Light micrographs showing immunolocalization of
AGP in developing pericarp of tomato fruit. A, Carbohydrate-specific
staining. Starch grains stained red. B and C, Anti-tomato fruit AGP
serum detected a signal (gray dots) in both plastids and cytoplasm
(arrows). D, The preimmune control serum detected no signal. S, Starch
granule; and V, vacuole. A, ×351; B, ×1560; and C and D, ×1950.
|
|
The intracellular localization of AGP was first studied at the light
microscope level. Because the immunogold particles (20 nm in diameter)

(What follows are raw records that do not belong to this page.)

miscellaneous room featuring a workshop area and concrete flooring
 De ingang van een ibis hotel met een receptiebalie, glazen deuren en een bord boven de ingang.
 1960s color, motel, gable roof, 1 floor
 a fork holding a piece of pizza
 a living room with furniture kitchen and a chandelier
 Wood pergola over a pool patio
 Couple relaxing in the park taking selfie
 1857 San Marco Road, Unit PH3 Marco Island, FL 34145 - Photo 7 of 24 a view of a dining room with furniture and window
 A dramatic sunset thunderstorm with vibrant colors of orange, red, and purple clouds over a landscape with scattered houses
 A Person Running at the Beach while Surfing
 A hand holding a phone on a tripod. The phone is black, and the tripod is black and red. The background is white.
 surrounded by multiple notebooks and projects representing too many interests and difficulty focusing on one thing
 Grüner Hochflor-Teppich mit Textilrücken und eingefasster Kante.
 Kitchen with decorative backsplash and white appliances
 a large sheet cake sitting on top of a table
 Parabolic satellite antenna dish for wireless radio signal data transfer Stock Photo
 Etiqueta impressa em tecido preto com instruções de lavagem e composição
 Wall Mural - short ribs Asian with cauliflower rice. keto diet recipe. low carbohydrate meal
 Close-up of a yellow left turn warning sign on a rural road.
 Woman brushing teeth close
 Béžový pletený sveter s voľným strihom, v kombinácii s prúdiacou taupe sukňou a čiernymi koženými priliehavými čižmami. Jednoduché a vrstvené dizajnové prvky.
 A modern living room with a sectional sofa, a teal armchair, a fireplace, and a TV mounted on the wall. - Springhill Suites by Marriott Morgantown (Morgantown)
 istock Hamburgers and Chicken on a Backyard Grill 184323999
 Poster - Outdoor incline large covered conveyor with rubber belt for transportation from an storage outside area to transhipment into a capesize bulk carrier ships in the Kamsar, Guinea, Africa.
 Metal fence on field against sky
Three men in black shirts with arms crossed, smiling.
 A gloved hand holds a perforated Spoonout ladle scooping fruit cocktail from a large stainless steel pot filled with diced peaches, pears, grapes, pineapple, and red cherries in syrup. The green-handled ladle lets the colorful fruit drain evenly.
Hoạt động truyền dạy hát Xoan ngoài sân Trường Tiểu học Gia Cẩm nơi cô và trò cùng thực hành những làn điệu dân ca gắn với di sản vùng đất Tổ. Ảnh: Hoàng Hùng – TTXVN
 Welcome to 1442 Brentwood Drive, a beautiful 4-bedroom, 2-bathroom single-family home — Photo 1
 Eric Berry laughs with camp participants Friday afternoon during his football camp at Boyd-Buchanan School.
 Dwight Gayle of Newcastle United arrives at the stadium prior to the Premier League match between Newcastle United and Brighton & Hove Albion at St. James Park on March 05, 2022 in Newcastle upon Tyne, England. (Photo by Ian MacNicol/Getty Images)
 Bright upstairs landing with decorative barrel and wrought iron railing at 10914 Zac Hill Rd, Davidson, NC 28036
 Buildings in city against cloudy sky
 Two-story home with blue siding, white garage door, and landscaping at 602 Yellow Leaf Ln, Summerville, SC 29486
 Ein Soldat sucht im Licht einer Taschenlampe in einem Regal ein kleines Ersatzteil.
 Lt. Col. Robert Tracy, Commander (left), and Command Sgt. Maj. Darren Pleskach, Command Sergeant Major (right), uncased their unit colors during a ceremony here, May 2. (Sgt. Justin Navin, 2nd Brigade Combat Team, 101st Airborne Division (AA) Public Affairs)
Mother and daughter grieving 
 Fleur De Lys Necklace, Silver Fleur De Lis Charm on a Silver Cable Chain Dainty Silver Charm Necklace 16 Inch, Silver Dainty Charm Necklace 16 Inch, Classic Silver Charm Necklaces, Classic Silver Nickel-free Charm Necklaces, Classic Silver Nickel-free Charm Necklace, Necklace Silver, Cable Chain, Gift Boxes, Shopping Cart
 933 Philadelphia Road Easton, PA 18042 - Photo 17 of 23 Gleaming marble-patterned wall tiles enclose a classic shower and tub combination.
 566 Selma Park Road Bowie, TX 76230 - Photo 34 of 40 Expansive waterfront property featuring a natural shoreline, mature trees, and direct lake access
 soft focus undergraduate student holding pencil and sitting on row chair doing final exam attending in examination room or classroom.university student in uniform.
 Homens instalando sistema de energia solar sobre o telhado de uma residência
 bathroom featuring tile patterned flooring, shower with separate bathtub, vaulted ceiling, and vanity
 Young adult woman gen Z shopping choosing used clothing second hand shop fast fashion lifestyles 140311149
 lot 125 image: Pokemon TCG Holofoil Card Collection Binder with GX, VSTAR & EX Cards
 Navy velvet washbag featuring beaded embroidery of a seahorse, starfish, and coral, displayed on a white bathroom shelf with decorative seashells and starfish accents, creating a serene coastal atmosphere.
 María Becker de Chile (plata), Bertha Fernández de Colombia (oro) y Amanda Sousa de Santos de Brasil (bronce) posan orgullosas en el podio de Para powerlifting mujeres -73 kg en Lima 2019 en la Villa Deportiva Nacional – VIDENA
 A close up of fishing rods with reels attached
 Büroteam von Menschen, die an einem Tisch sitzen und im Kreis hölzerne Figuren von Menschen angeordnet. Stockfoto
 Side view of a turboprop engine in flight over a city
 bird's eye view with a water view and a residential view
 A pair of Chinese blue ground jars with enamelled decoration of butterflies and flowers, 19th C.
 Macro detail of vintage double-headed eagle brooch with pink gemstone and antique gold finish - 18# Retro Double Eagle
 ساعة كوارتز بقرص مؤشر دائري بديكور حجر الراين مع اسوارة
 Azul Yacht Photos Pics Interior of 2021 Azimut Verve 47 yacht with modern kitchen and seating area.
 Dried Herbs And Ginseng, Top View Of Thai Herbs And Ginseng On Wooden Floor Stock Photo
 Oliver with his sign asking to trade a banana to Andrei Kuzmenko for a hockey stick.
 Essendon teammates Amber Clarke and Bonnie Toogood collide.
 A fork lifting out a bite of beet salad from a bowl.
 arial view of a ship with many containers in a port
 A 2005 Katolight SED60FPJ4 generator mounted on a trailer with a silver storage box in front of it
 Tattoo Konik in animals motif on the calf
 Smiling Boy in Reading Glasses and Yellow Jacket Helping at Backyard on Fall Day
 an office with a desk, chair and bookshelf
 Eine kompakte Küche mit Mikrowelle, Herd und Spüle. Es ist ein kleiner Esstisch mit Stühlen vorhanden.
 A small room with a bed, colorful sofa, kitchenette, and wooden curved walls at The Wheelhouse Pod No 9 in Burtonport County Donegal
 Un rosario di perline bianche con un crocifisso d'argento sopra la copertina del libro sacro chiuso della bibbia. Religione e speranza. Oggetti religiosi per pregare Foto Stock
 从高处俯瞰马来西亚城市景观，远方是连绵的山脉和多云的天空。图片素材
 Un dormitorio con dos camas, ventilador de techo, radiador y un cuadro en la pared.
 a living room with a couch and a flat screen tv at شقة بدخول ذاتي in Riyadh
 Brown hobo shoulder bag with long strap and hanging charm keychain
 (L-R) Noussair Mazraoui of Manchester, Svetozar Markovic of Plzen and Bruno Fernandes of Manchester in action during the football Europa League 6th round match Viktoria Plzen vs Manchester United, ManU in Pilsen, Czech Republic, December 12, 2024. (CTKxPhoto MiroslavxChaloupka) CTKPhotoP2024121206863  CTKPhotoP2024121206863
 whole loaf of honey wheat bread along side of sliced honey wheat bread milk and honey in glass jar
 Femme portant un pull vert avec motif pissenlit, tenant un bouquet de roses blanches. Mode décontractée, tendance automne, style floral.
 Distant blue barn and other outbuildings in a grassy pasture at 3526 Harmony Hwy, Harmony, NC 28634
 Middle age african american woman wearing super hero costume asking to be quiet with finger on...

are beyond the resolution limit of the light microscope, they were
enlarged by the silver-enhancement technique, which facilitates
visualization of the dark-gray dots. Gray deposits were observed in
both the plastids and cytoplasm of tomato pericarp cells (Fig. 1, B and
C). The signal was not evenly distributed in the cytoplasm, with denser
particles clustered near plastids (Fig. 1C). The preimmune serum
control showed no gray particles (Fig. 1D), indicating that the
antibody is specific. The intracellular distribution of AGP was further
examined by an immunoelectron microscope. Consistent with the light
microscope findings, immunogold particles were observed in both the
plastids (Fig. 2, A and C) and cytoplasm
(Fig. 2, A and B). The labeling in the plastids was not uniformly
distributed. No immunogold particles were observed inside the starch
granule, contrary to what was found in the maize (Zea mays
L.) endosperm (Miller and Chourey, 1995). Some of the particles
occurred at or near the surface of the starch grains (Fig. 2C), whereas
others were localized mostly in the stroma (data not shown). Similar to
the plastids, labeling in the cytoplasm was not uniform, and most was
localized in cluster-like patterns. Overall, the signal was not as
strong as that observed in amyloplasts of potato (Solanum
tuberosum L.) tuber (Kim et al., 1989) and maize endosperm (Miller
and Chourey, 1995). This is consistent with the very low specific
activity of AGP in tomato fruit crude extract (Chen and Janes, 1997).
No immunogold signal was detected with preimmune control serum (Fig.
2D).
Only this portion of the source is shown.